*Exercise aim*
The line with "Shelter Stray Male", the line with "Preview wallpaper droplet, dew, grass, shape", and all lines between them in the material below: return these exactly, and no others.

*The data*
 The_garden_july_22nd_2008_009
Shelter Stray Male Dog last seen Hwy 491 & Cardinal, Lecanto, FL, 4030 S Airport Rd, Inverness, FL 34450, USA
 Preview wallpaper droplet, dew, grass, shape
==
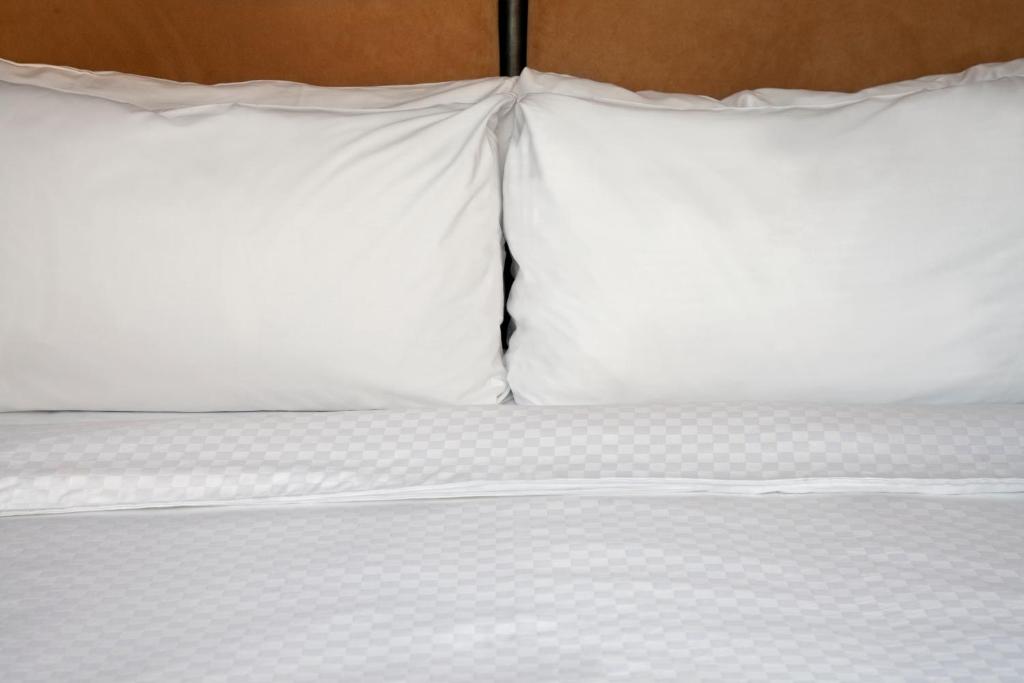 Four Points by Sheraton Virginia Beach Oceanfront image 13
---
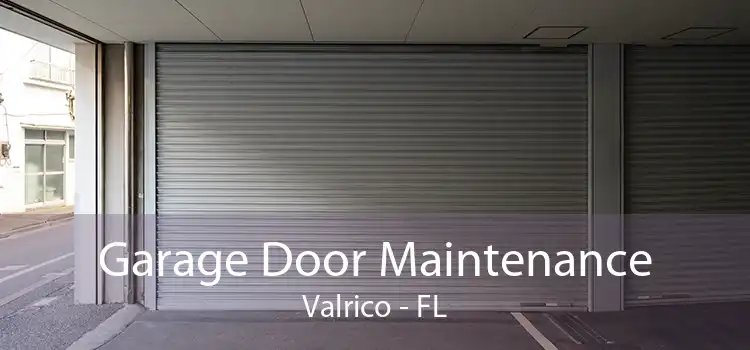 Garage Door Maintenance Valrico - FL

*Solution*
Shelter Stray Male Dog last seen Hwy 491 & Cardinal, Lecanto, FL, 4030 S Airport Rd, Inverness, FL 34450, USA
 Preview wallpaper droplet, dew, grass, shape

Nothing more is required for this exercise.